* EXERCISE MATERIAL
__________________________________________________
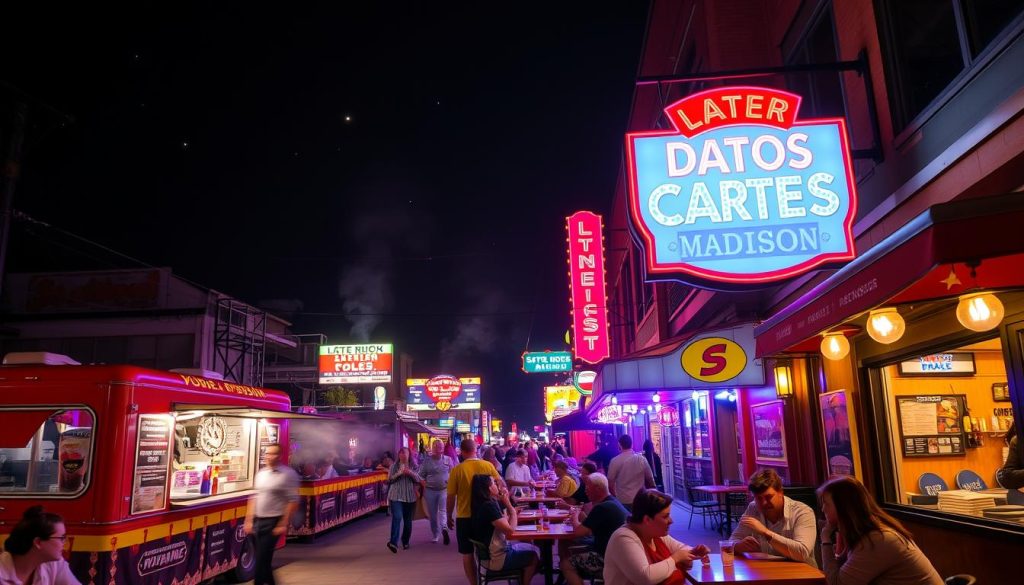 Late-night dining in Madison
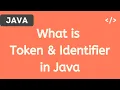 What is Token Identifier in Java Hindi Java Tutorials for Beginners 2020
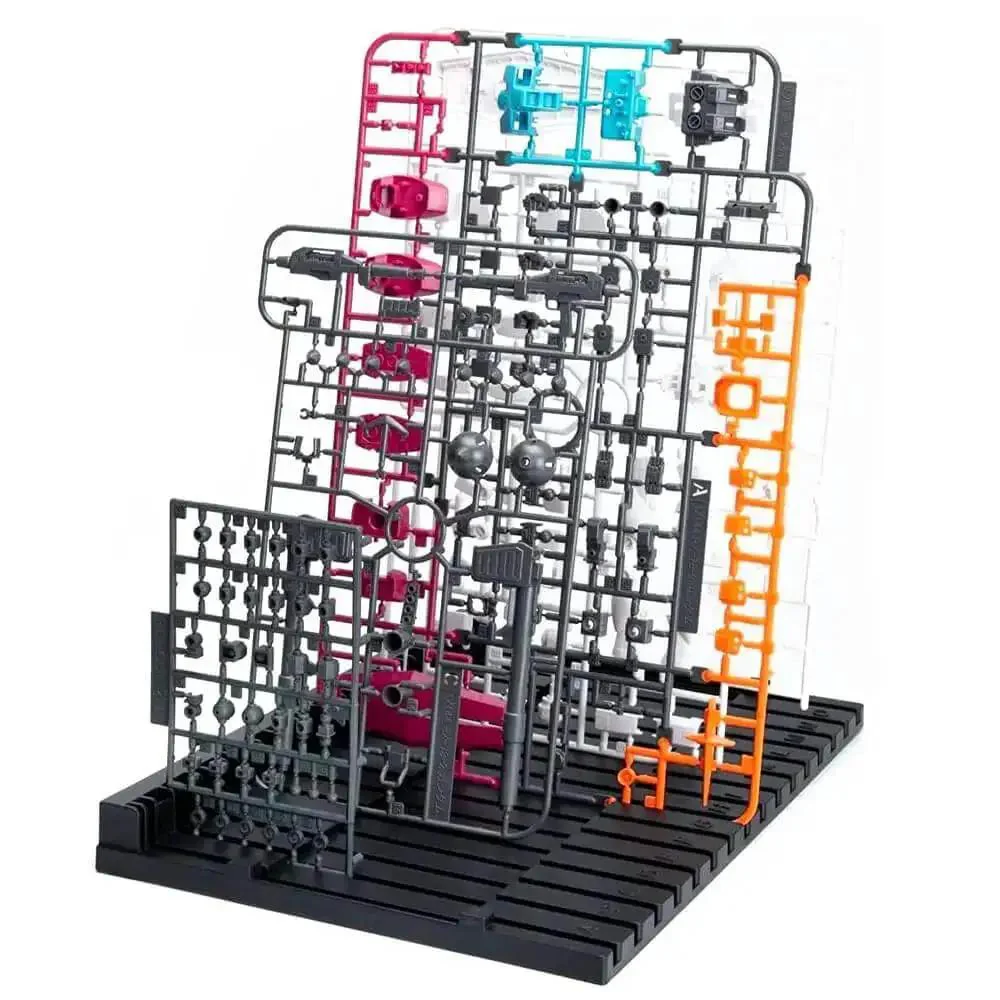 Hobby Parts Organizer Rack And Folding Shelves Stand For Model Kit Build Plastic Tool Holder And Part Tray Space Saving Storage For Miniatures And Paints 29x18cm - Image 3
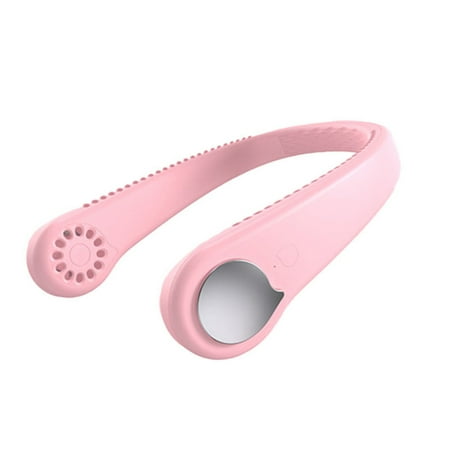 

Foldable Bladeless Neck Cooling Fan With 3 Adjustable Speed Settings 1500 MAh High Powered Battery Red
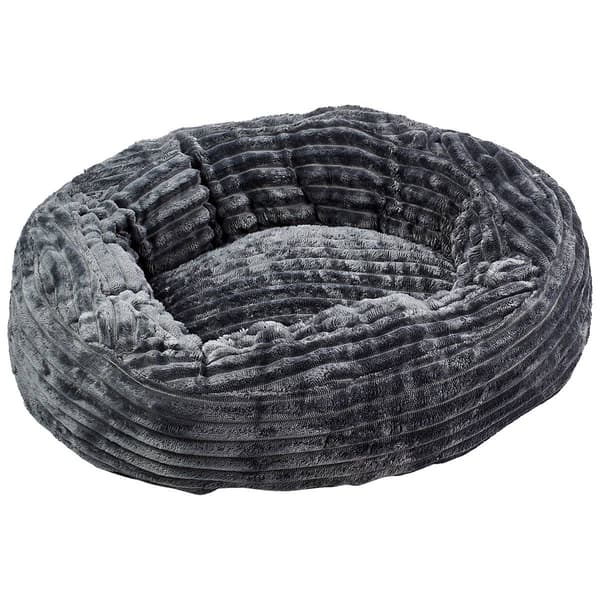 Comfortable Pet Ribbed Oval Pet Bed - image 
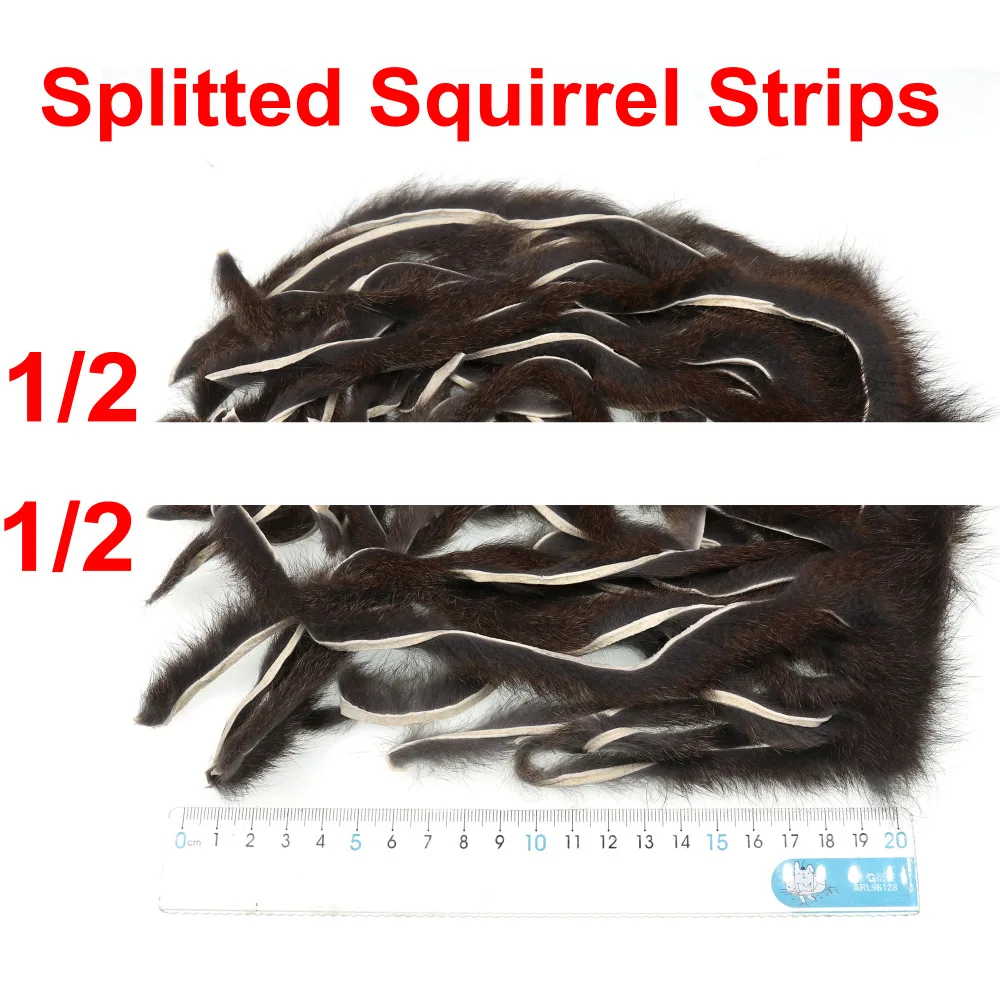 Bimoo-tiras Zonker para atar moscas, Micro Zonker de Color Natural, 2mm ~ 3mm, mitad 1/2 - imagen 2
__________________________________________________
* TRY IT
Write each line exactly as it appears, from the line that holds "Foldable Bladeless Neck" through the closing line of the data above, and leave every picture out.

* RESULT OF THE EXERCISE
Foldable Bladeless Neck Cooling Fan With 3 Adjustable Speed Settings 1500 MAh High Powered Battery Red
 Comfortable Pet Ribbed Oval Pet Bed - image 
 Bimoo-tiras Zonker para atar moscas, Micro Zonker de Color Natural, 2mm ~ 3mm, mitad 1/2 - imagen 2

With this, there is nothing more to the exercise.